The US Courts affirmed that the fair-use doctrine applies to non-commercial works that use copyrighted material as long as the material is not the dominant part of the video or affect the value of the work. The case refers to a video of a child dancing wildly in the kitchen while the radio is playing a great guitar solo (‘Let’s go crazy’ - by Prince). The mother decides to upload it on YouTube in order to share it with friends. In creating this video, multiple exclusive rights are involved, such as the reproduction right and the right to communicating the music to the public. When the mother posted the 29-second clip of her 13-month-old son dancing to Prince's "Let's Go Crazy", the Universal Music Group, responsible for enforcing the copyright on Prince's catalog, asked YouTube to remove the video. Fair use is a legal doctrine only in the United States. It permits limited use of copyrighted material without acquiring permission from the rights holders and very different from the exceptions and limitations stipulated by European national laws.

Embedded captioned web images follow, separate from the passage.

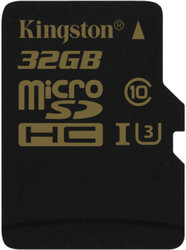 Paměťová karta Kingston MicroSDHC 32GB UHS-I U3 (90R/45W)
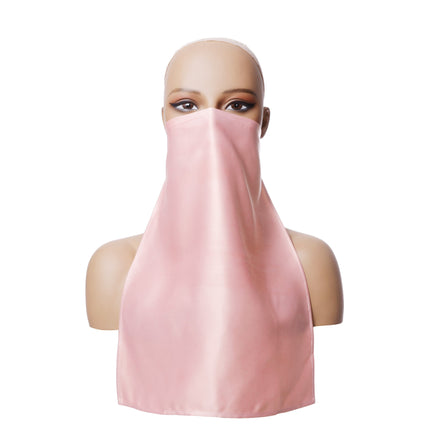 New Cross-Border Amazon and Aliexpress Solid Color Women's Headscarf, Foreign Trade Turkish Breathable Face Scarf, Sun Protection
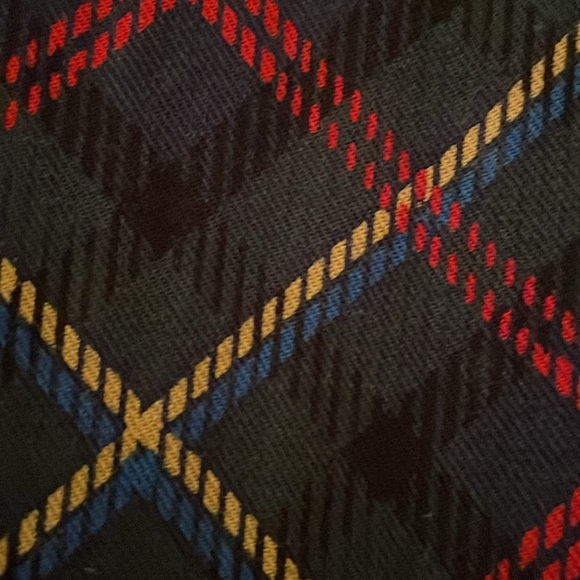 Vintage Pendleton Country Sophisticates Plaid Roll Neck Blouse Sz L - Picture 7 of 7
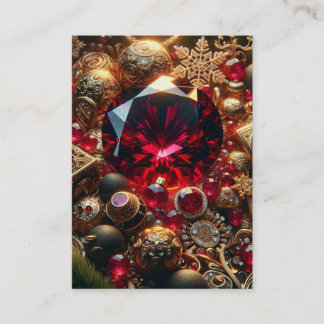 Proverbes 8:10-12 Cartes KJV - XMAS Ruby Wisdom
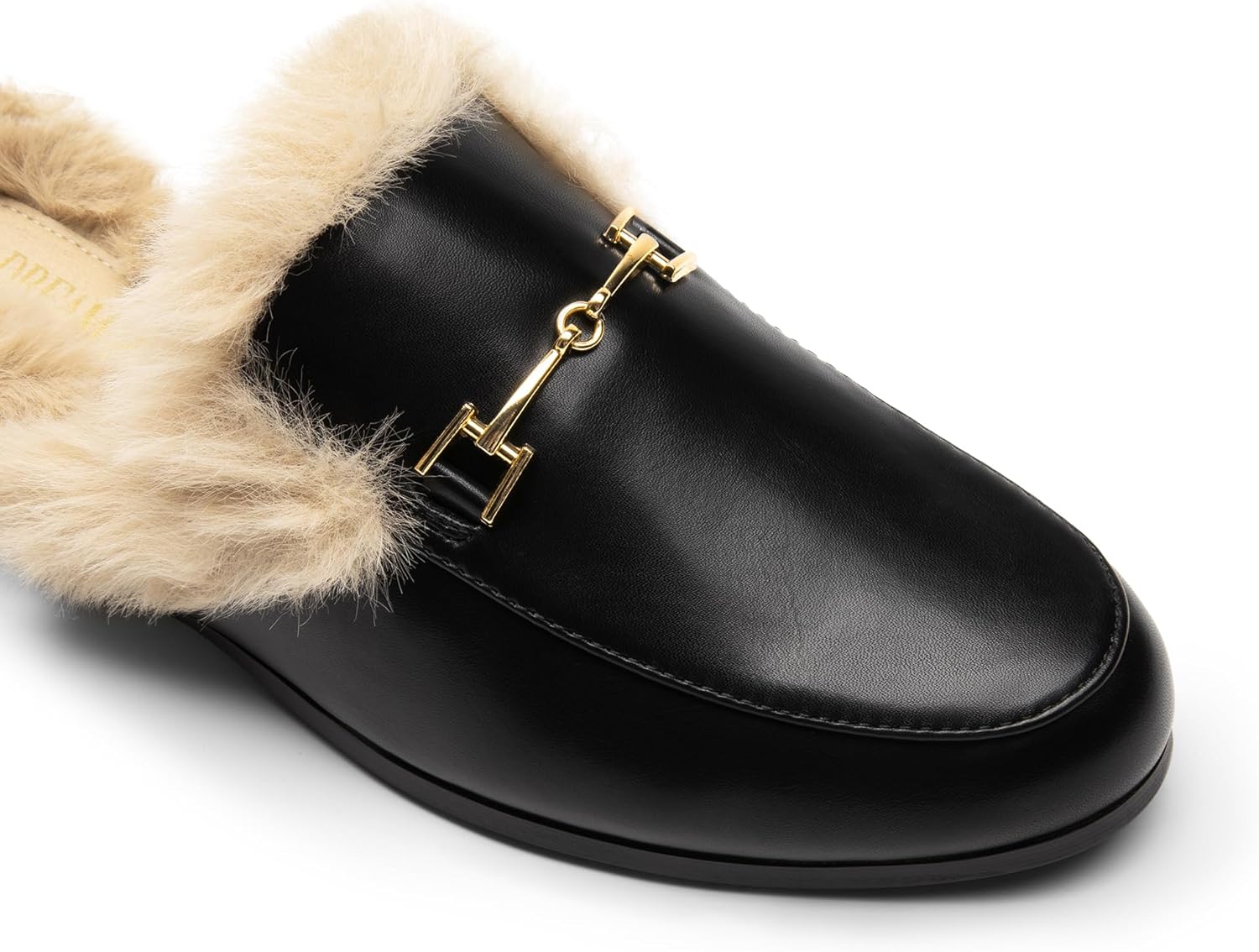 DREAM PAIRS Mules for Women Flats Comfortable Buckle Mules Slip on Slides Backless Loafers Shoes - Image 4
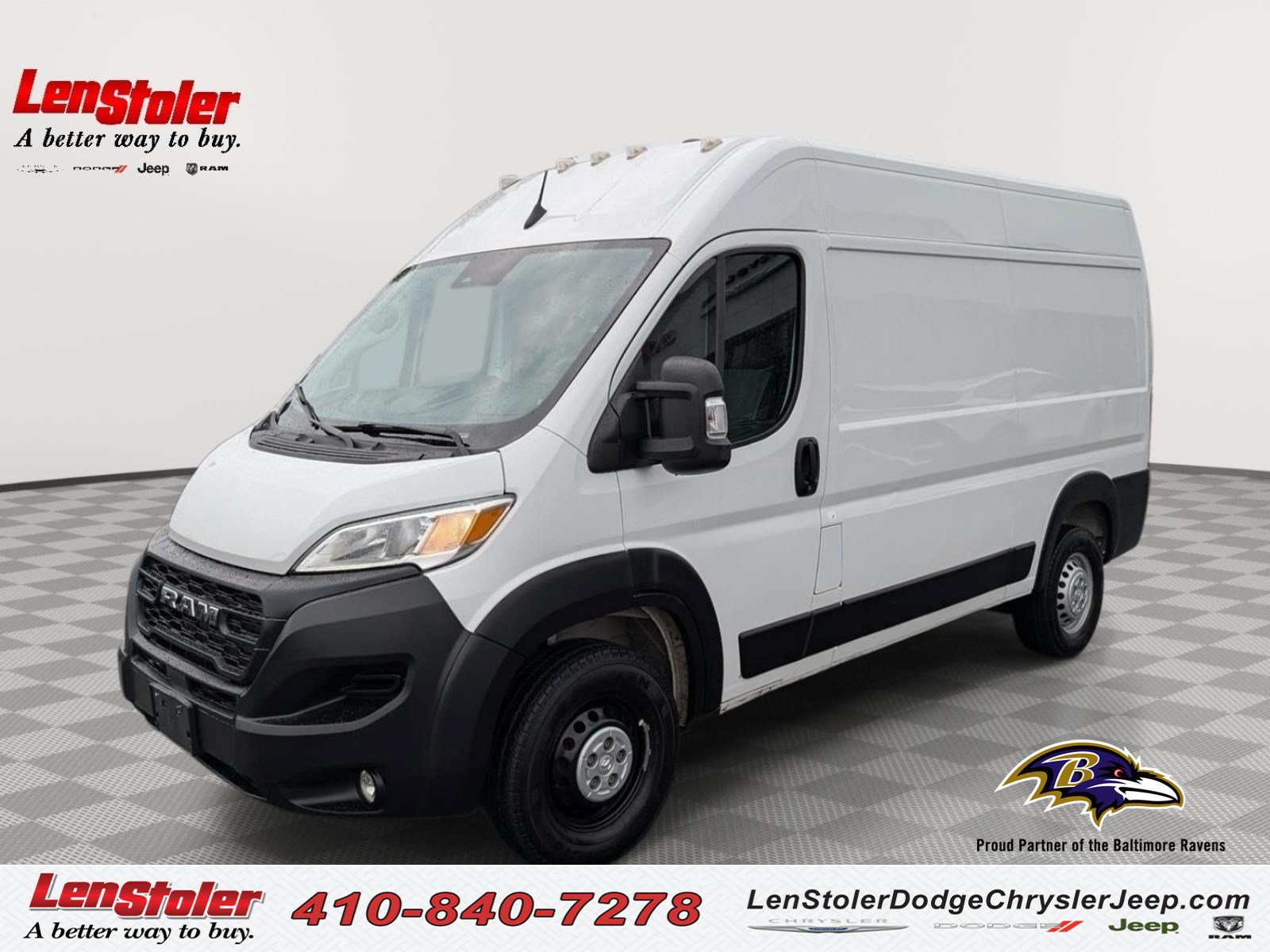 Used 2024 RAM ProMaster 2500 w/ Convenience Group FWD image 1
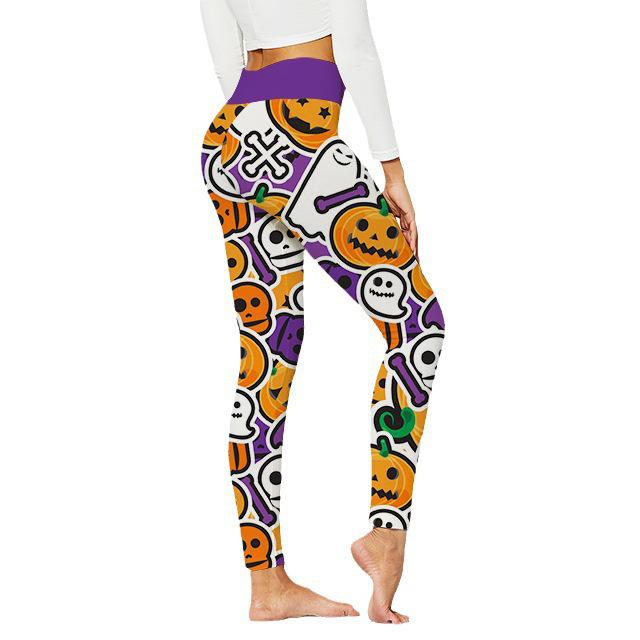 2026 New Spring Women's European & American Yoga Print Pants
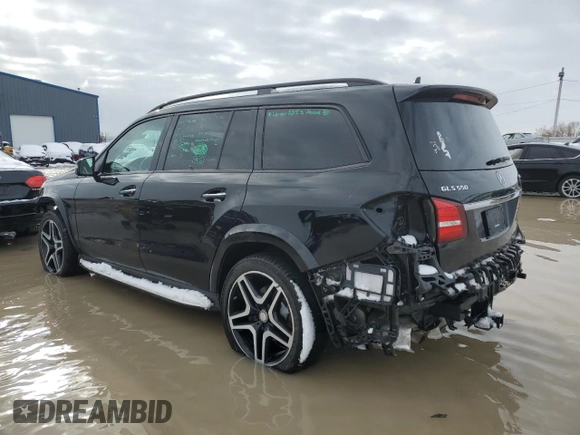 2017 Mercedes-Benz GLS with VIN 4JGDF7DE3HA899243, listed as a Copart auction lot 46994633 with 61,894 mi miles. Bid and sale history available at carsss.com. Image 2.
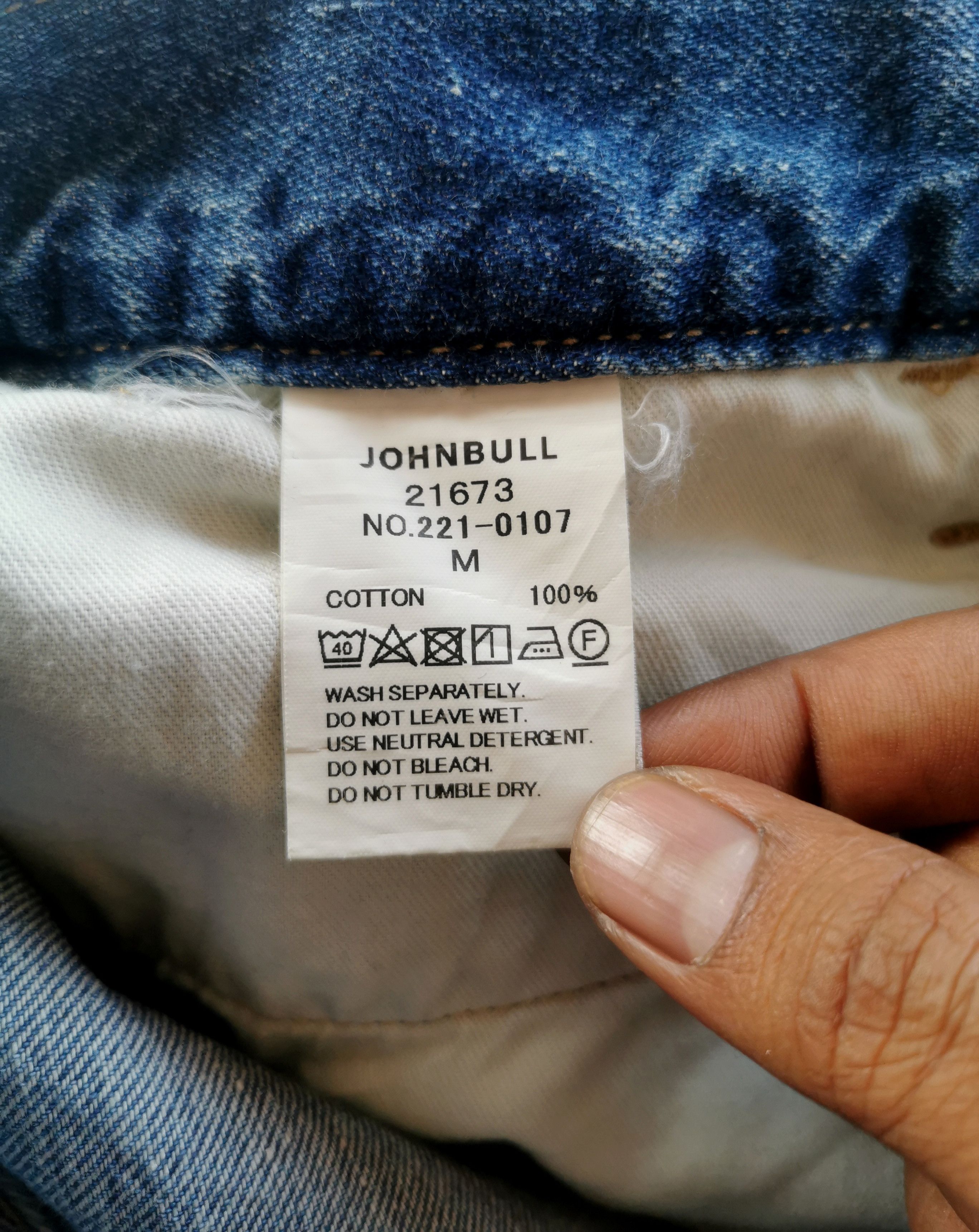 Johnbull Johnbull Selvedge Boro Jeans 30x27 Size US 30 / EU 46 - 11 Thumbnail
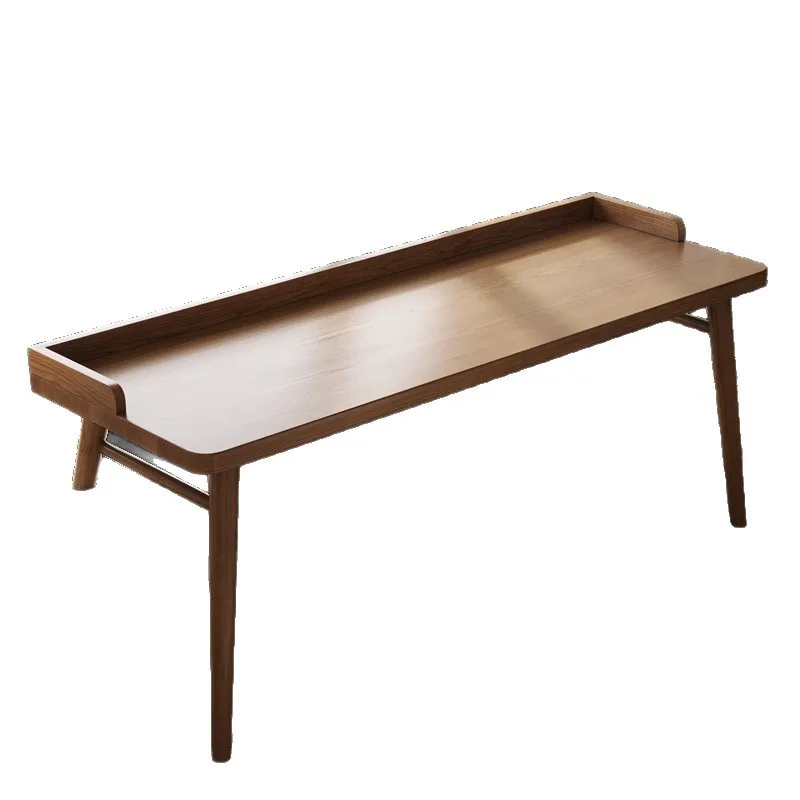 Factory Direct 2026 Solid wood bay window table integrated long and short legs children's study table bedroom household computer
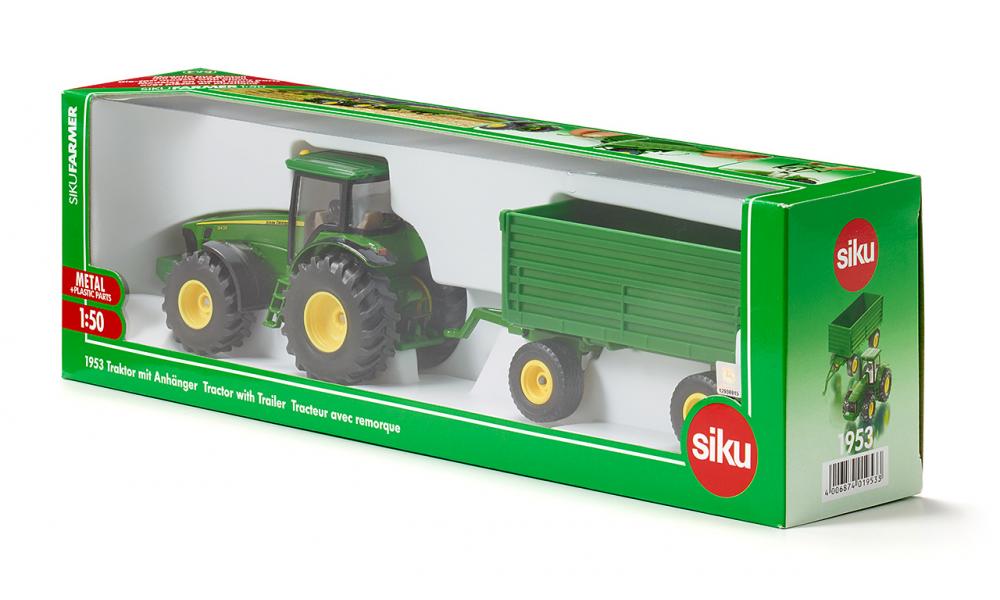Siku masinuta tractor cu remora John Deer scara 1:50, 3 ani+ Imagine secundară a produsului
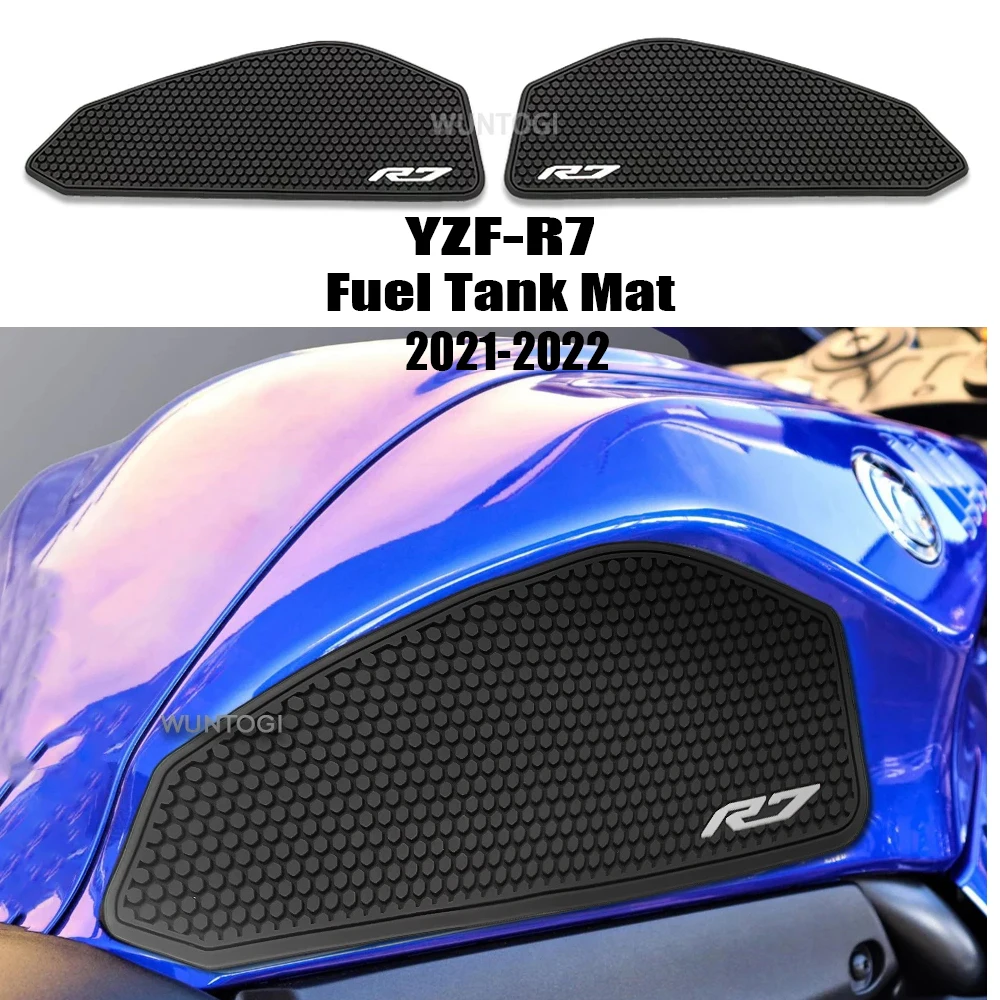 

For Yamaha YZF-R7 2021-2022 Tank Protection Mat YZF-R7 Motorcycle Fuel Tank Pad Tank Sticker Anti-Scratch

On the other hand, in European jurisdictions such a use will probably be held as an infringement.
The case presented above could be an example for user-generated content, a new and unique exception from Canadian Copyright Act. Non-commercial user-generated content was introduced in Canadian Copyright Act in 2012. In Europe, the authors of the Gower Review proposed "that Directive 2001/29/EC be amended to allow for an exception for creative, transformative or derivative works, within the parameters of the Berne Three Step Test."